Each line from the one that holds "Chic Adjustable Faux" to the end of the records is to be retyped exactly. Pictures are not part of the copy.

---- Information provided

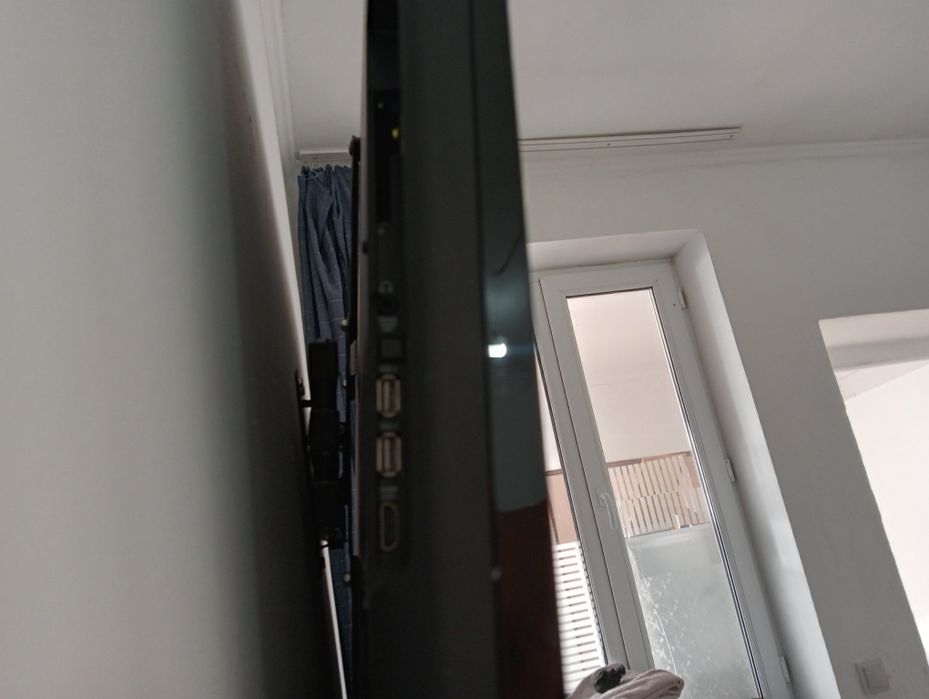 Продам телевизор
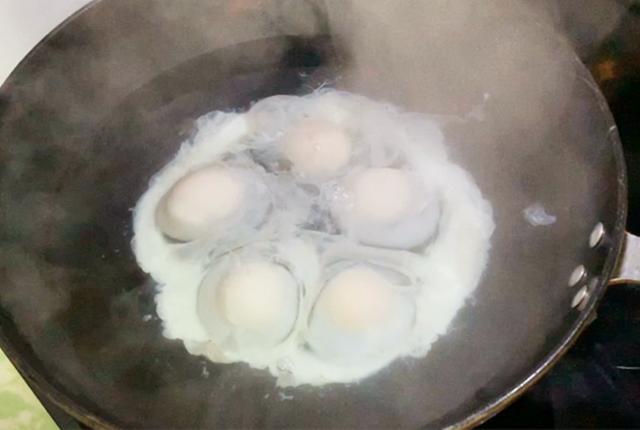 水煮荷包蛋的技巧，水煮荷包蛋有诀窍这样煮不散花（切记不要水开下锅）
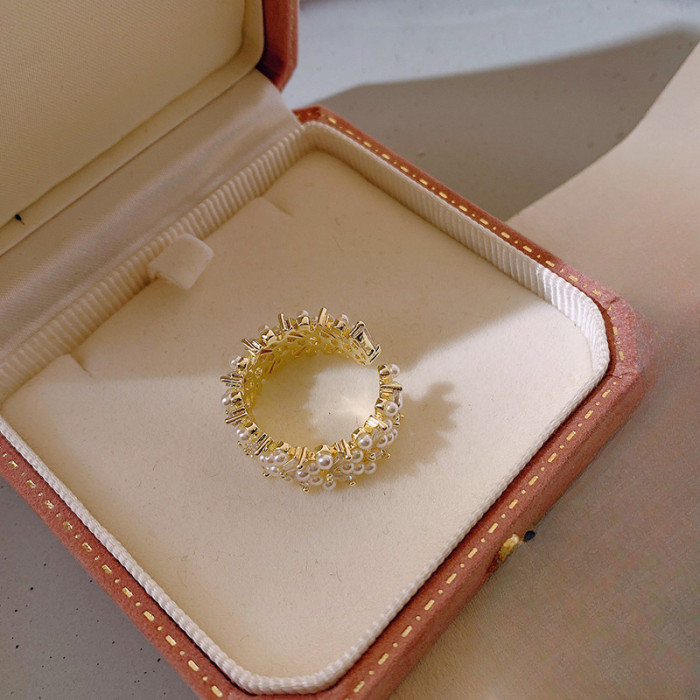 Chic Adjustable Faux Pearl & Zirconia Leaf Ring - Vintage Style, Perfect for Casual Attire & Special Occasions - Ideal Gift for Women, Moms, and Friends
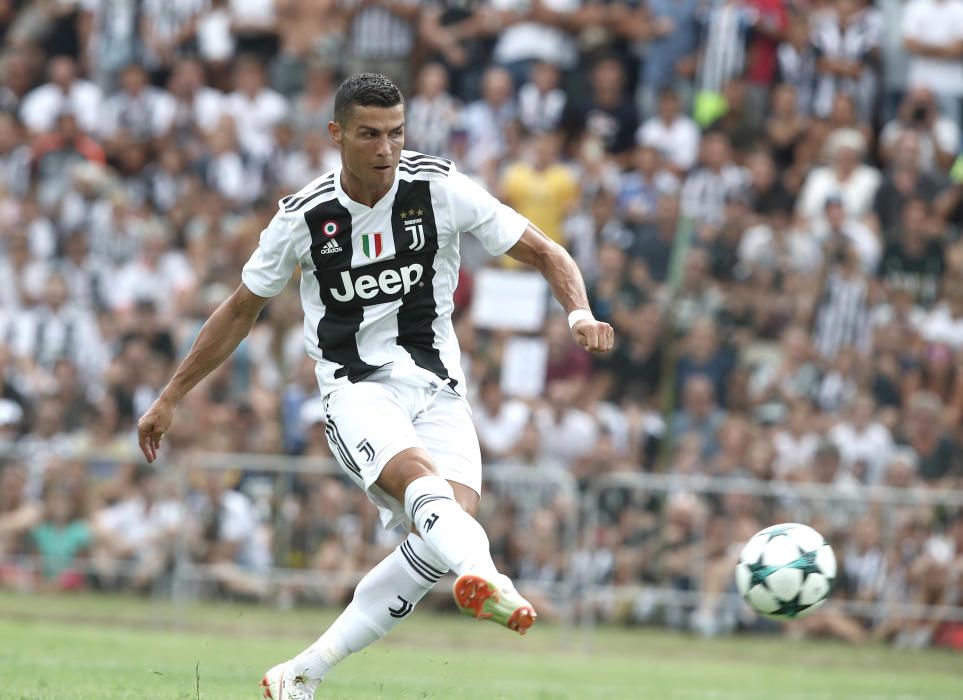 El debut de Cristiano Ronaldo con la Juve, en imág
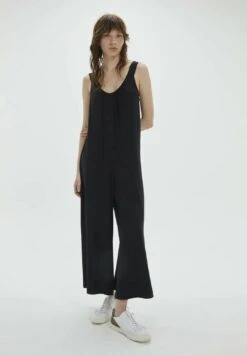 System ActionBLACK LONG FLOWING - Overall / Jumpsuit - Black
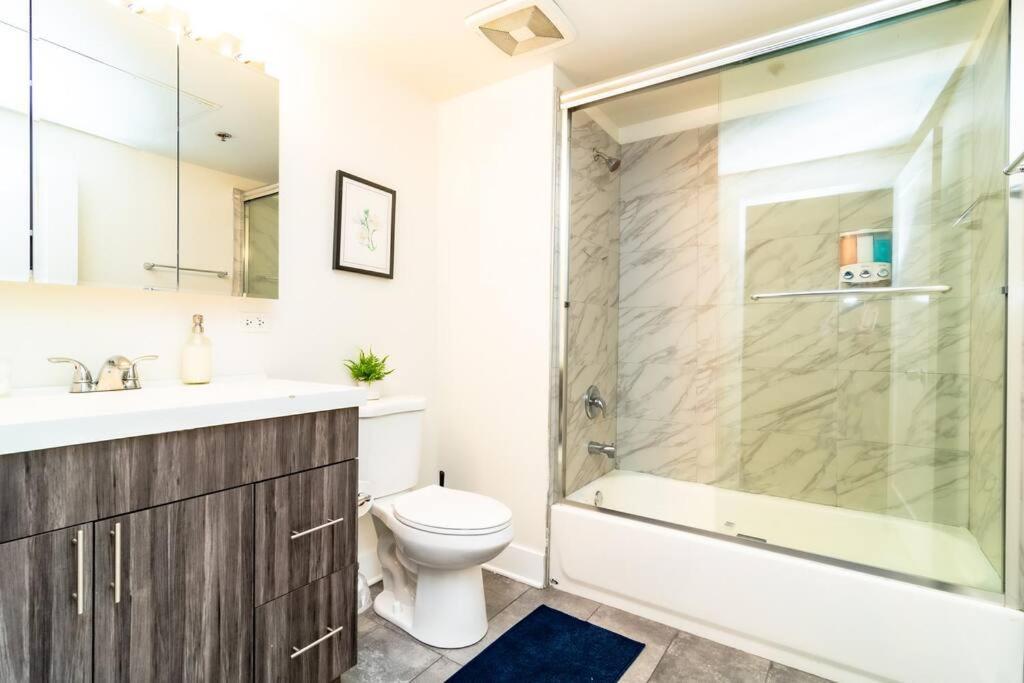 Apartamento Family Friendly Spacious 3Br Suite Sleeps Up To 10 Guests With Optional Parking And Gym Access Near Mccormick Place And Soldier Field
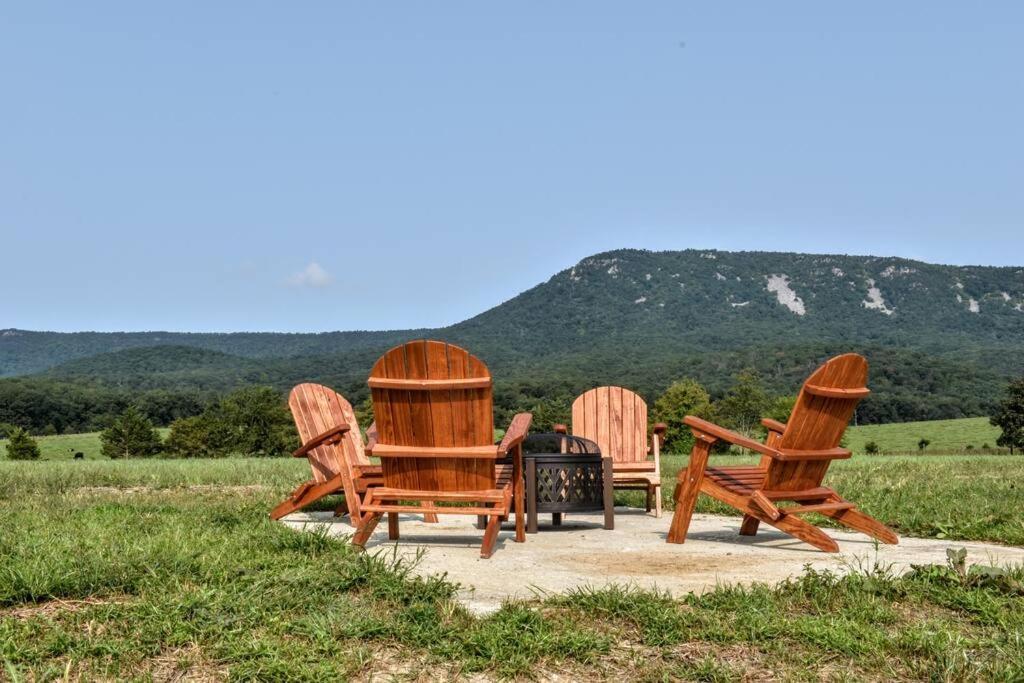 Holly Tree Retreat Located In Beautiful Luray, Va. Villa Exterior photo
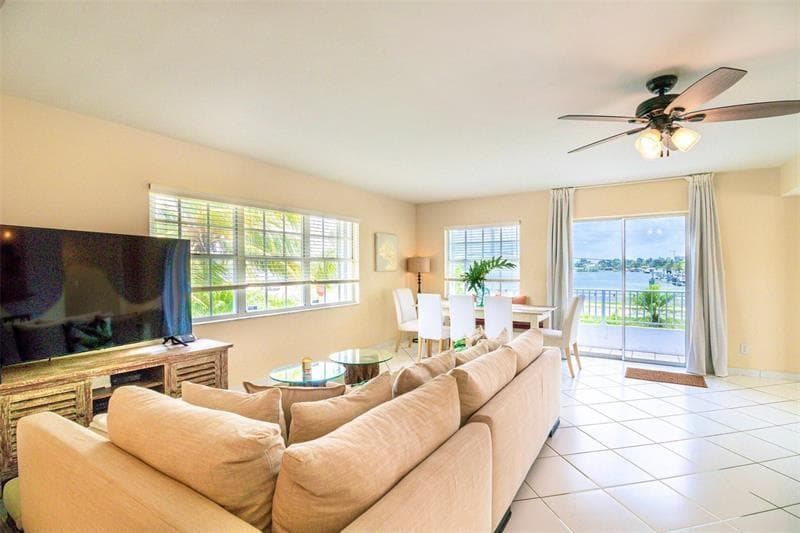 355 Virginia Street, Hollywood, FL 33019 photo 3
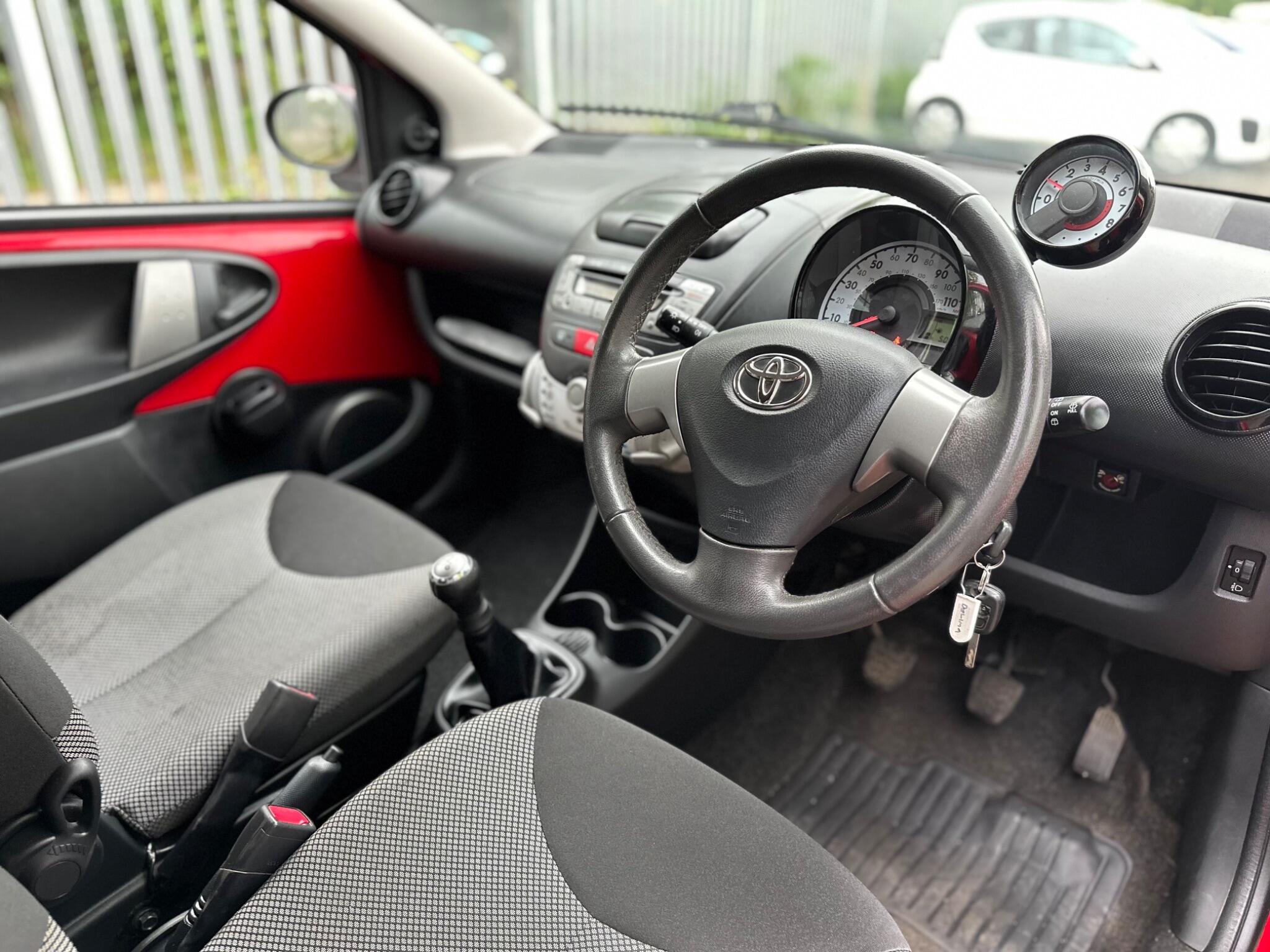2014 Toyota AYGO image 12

--------

• [Response for this exercise]
 Chic Adjustable Faux Pearl & Zirconia Leaf Ring - Vintage Style, Perfect for Casual Attire & Special Occasions - Ideal Gift for Women, Moms, and Friends
 El debut de Cristiano Ronaldo con la Juve, en imág
 System ActionBLACK LONG FLOWING - Overall / Jumpsuit - Black
 Apartamento Family Friendly Spacious 3Br Suite Sleeps Up To 10 Guests With Optional Parking And Gym Access Near Mccormick Place And Soldier Field
 Holly Tree Retreat Located In Beautiful Luray, Va. Villa Exterior photo
 355 Virginia Street, Hollywood, FL 33019 photo 3
2014 Toyota AYGO image 12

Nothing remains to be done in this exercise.